What you are asked to do: Please reproduce the lines of the records below from the one holding "Veneda Carter SSENSE" through the one holding "Größenschablone zum Download", inclusive, skipping all pictures.

(Supplied entries begins)

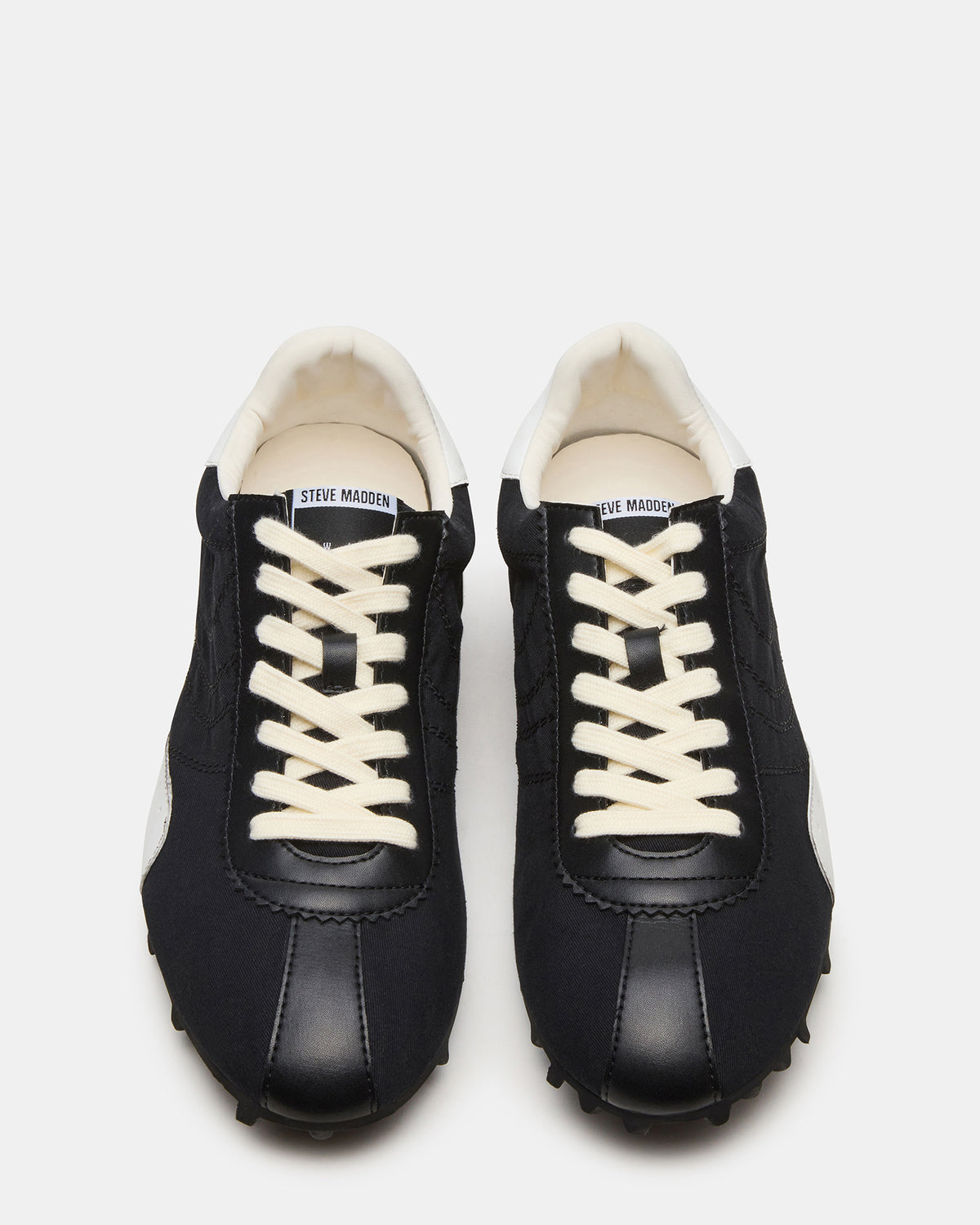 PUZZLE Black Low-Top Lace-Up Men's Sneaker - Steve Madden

(Supplied entries ends)
(Supplied entries begins)

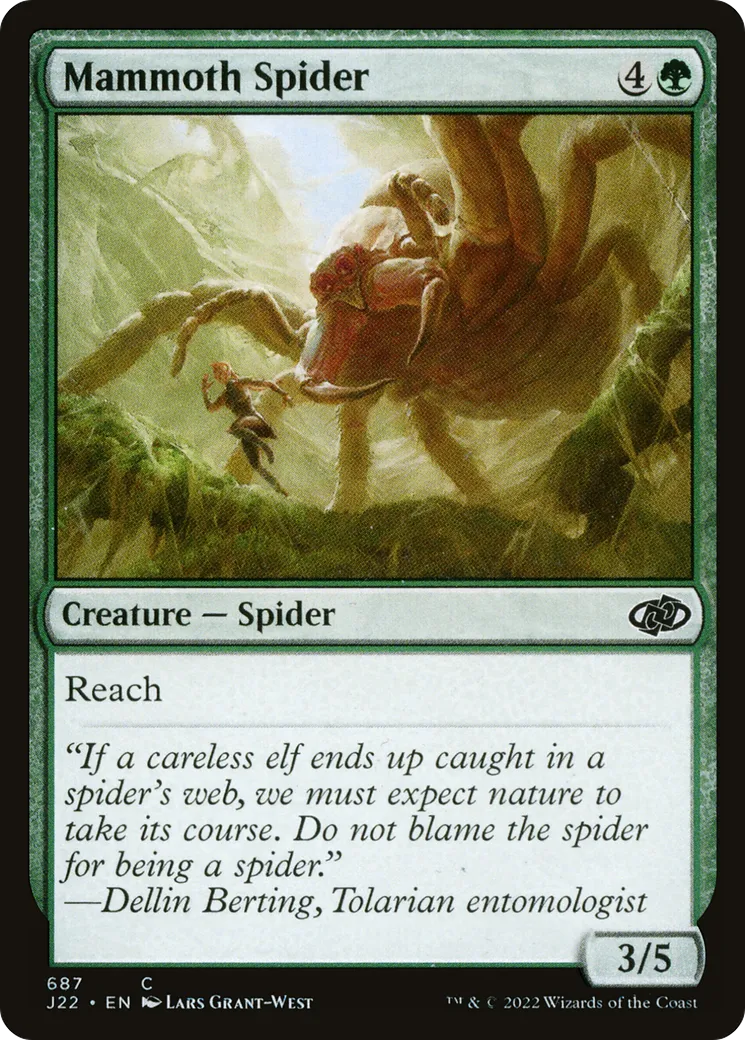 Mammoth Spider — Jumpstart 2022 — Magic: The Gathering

(Supplied entries ends)
(Supplied entries begins)

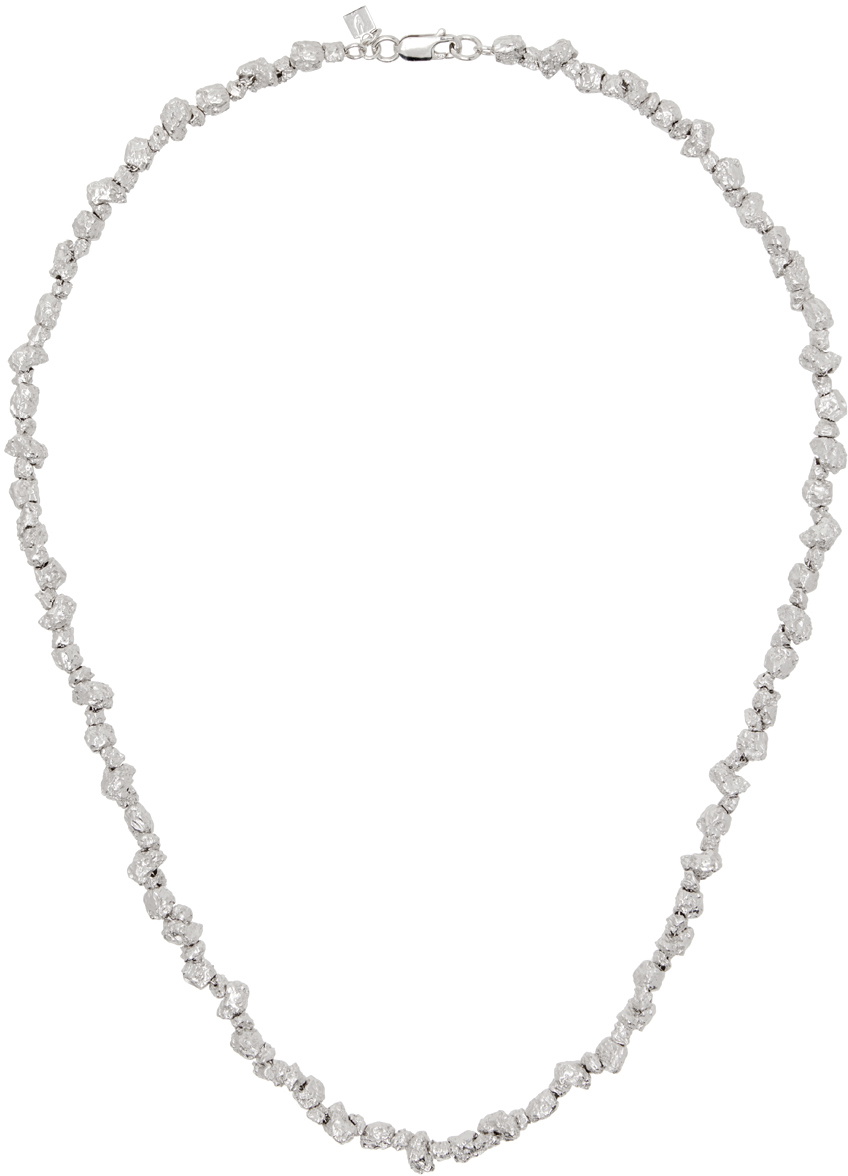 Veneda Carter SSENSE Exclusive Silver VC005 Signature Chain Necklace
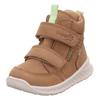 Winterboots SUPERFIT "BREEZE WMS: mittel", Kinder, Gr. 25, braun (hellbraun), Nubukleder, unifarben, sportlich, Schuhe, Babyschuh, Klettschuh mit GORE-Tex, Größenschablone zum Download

(Supplied entries ends)

Answer:
 Veneda Carter SSENSE Exclusive Silver VC005 Signature Chain Necklace
 Winterboots SUPERFIT "BREEZE WMS: mittel", Kinder, Gr. 25, braun (hellbraun), Nubukleder, unifarben, sportlich, Schuhe, Babyschuh, Klettschuh mit GORE-Tex, Größenschablone zum Download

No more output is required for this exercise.